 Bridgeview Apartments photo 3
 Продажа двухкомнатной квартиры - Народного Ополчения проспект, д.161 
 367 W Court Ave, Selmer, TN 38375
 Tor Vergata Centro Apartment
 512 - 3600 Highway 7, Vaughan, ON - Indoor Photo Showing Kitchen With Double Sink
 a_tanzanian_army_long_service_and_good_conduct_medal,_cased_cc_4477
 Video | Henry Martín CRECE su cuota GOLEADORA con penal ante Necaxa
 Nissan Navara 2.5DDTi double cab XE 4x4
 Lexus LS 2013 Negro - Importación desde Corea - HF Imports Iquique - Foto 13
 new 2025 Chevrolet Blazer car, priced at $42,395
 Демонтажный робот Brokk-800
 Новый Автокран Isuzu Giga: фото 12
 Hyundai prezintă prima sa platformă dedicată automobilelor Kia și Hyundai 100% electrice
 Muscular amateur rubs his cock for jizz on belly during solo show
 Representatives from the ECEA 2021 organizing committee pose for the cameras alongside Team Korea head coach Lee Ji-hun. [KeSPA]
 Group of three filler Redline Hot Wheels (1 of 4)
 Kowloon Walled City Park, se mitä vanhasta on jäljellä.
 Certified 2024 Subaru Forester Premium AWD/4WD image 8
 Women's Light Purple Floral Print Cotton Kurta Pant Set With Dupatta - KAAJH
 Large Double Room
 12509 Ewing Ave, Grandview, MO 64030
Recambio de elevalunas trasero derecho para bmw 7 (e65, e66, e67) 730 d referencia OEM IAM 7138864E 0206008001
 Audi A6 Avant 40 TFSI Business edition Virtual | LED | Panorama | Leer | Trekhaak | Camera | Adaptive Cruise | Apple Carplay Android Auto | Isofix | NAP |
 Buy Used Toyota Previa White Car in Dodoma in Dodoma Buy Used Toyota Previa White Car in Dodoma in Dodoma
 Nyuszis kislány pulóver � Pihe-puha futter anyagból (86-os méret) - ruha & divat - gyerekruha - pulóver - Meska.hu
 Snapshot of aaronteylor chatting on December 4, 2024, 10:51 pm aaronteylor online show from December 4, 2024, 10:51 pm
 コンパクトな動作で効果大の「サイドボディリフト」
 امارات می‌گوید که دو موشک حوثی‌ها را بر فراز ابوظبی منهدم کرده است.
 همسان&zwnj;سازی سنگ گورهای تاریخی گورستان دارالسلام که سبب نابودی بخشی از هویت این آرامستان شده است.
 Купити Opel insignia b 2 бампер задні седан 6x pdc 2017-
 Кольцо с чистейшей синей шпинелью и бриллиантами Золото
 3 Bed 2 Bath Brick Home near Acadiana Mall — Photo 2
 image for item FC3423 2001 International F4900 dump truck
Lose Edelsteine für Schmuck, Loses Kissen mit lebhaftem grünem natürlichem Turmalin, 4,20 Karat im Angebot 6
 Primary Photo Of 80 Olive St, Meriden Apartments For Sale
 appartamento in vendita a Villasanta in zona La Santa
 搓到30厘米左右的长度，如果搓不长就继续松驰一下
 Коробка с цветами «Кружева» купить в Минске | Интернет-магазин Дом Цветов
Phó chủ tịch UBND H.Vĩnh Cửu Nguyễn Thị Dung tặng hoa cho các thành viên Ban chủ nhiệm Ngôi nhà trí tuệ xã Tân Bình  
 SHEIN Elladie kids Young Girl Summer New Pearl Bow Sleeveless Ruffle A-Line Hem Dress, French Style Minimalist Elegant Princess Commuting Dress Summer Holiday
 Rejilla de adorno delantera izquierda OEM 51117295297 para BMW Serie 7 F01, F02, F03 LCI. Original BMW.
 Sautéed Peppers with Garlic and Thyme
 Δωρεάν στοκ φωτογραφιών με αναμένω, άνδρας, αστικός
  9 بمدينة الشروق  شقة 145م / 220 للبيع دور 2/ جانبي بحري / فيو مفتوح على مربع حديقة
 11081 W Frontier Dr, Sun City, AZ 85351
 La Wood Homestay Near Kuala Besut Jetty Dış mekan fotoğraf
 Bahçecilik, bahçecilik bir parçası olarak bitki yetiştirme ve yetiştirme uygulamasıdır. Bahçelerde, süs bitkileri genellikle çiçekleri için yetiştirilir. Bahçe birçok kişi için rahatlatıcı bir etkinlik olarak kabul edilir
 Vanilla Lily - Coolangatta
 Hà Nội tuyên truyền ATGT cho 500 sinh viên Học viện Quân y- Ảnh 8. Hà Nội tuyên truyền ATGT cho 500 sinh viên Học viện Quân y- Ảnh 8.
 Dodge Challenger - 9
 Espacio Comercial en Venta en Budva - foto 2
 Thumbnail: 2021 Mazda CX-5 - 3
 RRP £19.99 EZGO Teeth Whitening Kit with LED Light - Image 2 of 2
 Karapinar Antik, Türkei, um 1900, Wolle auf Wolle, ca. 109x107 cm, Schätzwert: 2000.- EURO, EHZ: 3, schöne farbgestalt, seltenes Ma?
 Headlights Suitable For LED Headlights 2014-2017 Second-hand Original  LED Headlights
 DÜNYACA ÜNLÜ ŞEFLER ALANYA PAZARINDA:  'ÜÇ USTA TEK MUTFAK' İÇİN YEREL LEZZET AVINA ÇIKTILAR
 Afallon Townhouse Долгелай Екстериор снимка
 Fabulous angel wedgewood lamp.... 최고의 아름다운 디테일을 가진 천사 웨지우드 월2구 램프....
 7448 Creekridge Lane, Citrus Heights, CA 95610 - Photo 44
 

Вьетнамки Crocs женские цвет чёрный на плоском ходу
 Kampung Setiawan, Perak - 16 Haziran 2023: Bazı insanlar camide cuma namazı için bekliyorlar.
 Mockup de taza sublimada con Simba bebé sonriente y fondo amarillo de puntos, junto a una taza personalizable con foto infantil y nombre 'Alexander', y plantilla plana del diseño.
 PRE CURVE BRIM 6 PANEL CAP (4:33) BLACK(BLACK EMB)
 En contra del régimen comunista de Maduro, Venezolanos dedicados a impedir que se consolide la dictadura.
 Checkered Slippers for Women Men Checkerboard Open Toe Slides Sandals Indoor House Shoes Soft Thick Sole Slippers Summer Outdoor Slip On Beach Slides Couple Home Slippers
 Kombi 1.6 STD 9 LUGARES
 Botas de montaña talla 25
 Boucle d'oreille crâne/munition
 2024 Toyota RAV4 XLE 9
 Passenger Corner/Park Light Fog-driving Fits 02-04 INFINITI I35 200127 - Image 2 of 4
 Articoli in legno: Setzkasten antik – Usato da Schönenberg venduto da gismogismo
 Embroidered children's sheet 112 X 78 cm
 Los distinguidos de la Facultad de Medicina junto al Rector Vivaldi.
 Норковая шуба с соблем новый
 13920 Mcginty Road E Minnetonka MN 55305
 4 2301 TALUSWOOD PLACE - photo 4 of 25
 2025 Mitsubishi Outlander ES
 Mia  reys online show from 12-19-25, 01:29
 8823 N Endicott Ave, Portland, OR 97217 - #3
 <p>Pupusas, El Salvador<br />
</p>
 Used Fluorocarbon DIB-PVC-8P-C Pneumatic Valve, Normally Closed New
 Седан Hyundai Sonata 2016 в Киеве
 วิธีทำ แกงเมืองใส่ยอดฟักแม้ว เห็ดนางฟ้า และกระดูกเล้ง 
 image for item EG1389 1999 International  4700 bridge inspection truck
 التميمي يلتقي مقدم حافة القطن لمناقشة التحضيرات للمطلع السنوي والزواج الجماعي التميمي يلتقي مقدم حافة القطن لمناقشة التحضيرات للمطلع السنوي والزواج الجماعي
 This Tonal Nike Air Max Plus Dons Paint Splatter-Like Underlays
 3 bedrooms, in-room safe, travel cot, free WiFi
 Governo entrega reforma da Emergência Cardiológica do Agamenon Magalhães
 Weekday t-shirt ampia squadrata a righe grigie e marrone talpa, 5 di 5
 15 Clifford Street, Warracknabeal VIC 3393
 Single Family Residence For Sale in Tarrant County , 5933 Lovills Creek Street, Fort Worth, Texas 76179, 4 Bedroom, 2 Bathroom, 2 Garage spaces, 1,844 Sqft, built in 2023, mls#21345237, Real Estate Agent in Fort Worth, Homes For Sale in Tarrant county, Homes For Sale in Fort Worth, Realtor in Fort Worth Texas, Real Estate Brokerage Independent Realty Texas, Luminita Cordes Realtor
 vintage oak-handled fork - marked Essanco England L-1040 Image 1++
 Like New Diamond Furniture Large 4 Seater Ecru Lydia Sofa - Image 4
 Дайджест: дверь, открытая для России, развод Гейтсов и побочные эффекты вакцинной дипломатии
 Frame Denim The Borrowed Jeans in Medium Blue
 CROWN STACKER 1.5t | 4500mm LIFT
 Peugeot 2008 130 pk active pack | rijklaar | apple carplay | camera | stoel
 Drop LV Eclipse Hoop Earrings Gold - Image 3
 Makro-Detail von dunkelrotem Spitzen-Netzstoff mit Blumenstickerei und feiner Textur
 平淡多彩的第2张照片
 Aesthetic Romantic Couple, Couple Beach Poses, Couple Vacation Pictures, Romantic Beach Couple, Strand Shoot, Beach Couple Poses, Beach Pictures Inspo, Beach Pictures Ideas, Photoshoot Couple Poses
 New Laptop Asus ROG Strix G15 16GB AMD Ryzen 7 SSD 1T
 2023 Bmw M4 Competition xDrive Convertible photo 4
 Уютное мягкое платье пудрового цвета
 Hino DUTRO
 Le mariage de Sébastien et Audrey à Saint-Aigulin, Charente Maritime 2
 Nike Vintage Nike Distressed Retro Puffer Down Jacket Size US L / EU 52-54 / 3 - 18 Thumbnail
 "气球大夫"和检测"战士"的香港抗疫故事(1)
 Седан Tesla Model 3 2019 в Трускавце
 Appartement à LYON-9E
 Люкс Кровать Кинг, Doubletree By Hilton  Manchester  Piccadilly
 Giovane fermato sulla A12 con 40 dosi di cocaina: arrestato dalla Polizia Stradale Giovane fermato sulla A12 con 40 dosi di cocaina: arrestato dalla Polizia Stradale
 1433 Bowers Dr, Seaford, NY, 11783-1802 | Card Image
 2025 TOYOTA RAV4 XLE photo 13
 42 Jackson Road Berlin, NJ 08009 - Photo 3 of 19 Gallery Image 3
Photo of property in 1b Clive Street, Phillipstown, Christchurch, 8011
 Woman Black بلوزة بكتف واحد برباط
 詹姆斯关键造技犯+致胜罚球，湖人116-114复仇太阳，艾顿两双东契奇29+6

→ INSTRUCTIONS TO FOLLOW: Set down, unchanged, only those lines above that fall between the line with "Espacio Comercial en Venta en Budva - foto 2" and the line with "DÜNYACA ÜNLÜ ŞEFLER", the two end lines included.

→ EXPECTED OUTPUT:
 Espacio Comercial en Venta en Budva - foto 2
 Thumbnail: 2021 Mazda CX-5 - 3
 RRP £19.99 EZGO Teeth Whitening Kit with LED Light - Image 2 of 2
 Karapinar Antik, Türkei, um 1900, Wolle auf Wolle, ca. 109x107 cm, Schätzwert: 2000.- EURO, EHZ: 3, schöne farbgestalt, seltenes Ma?
 Headlights Suitable For LED Headlights 2014-2017 Second-hand Original  LED Headlights
 DÜNYACA ÜNLÜ ŞEFLER ALANYA PAZARINDA:  'ÜÇ USTA TEK MUTFAK' İÇİN YEREL LEZZET AVINA ÇIKTILAR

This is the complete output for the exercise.